*** Begin section ***

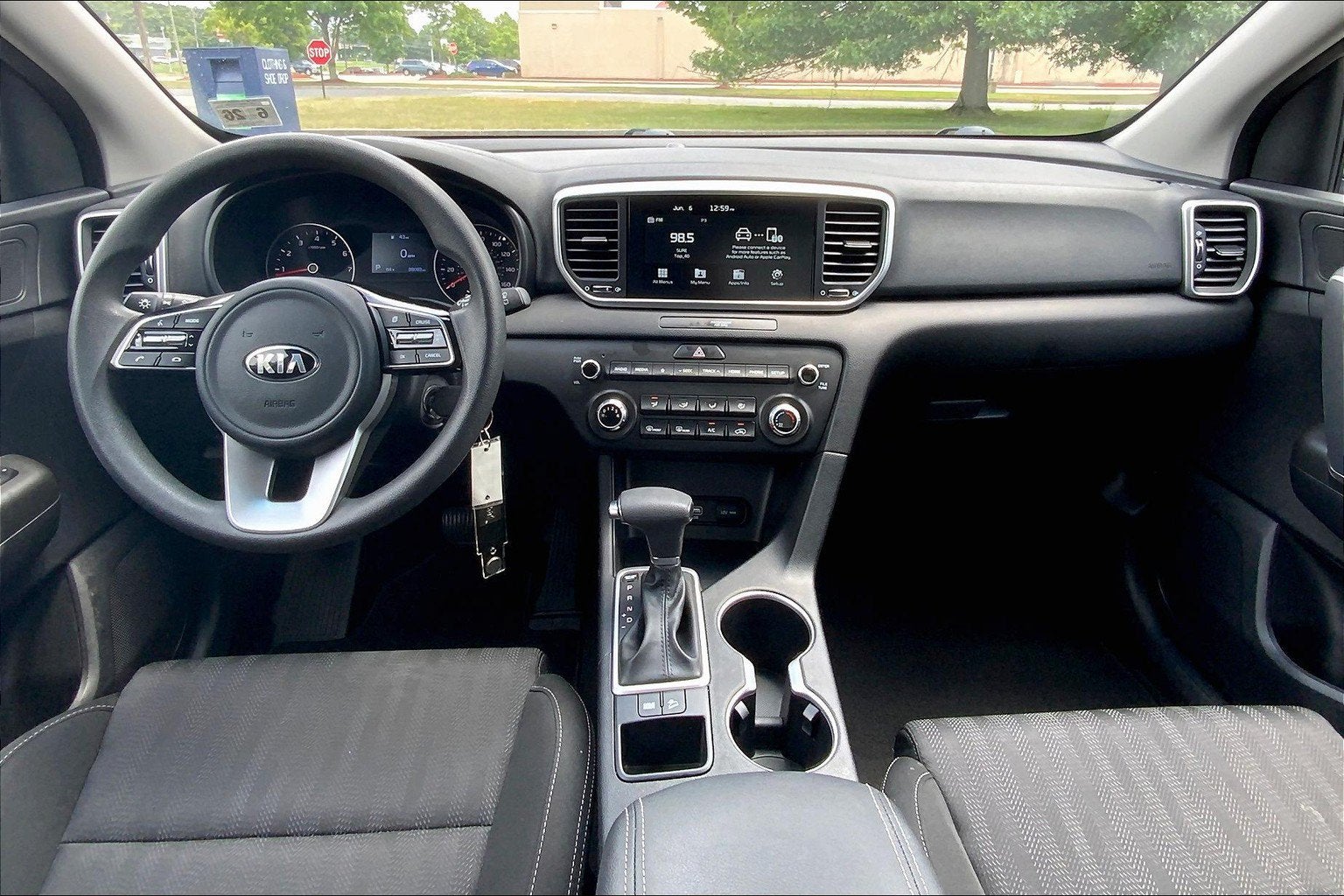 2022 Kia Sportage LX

*** End section ***
*** Begin section ***

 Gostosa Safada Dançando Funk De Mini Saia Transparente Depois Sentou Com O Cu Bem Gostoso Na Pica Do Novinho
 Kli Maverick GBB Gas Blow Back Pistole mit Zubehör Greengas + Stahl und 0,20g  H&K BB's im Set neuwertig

*** End section ***
*** Begin section ***

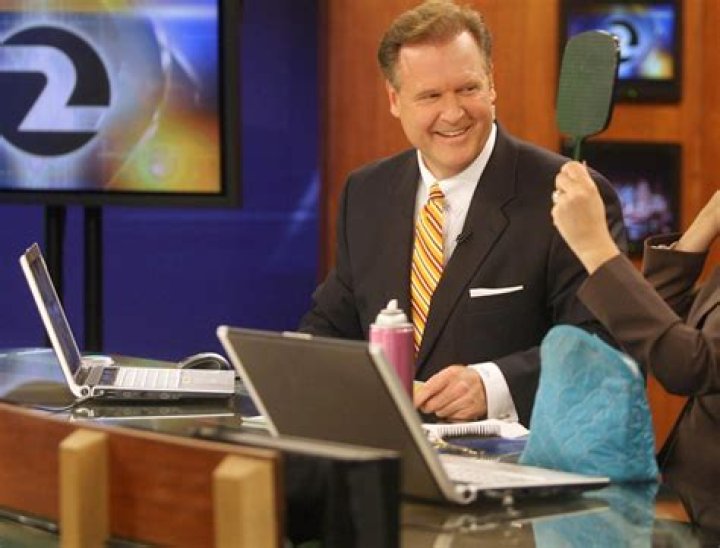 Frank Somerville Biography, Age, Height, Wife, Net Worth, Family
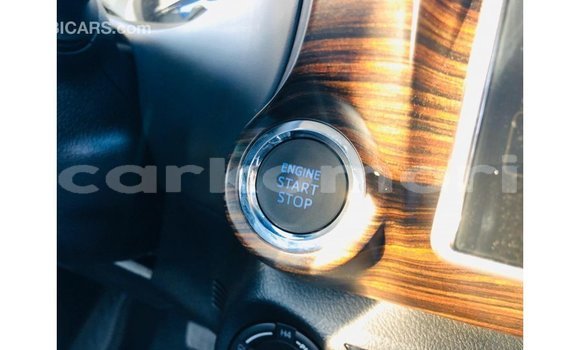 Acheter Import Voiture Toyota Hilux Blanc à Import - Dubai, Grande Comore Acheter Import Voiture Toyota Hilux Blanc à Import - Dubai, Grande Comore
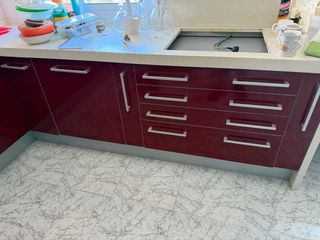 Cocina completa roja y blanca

*** End section ***

Both the line containing "Grande Comore Acheter" and the line containing "Cocina completa roja y blanca" above belong in the output, as do the lines between them. Print them exactly, without pictures.

 Acheter Import Voiture Toyota Hilux Blanc à Import - Dubai, Grande Comore Acheter Import Voiture Toyota Hilux Blanc à Import - Dubai, Grande Comore
 Cocina completa roja y blanca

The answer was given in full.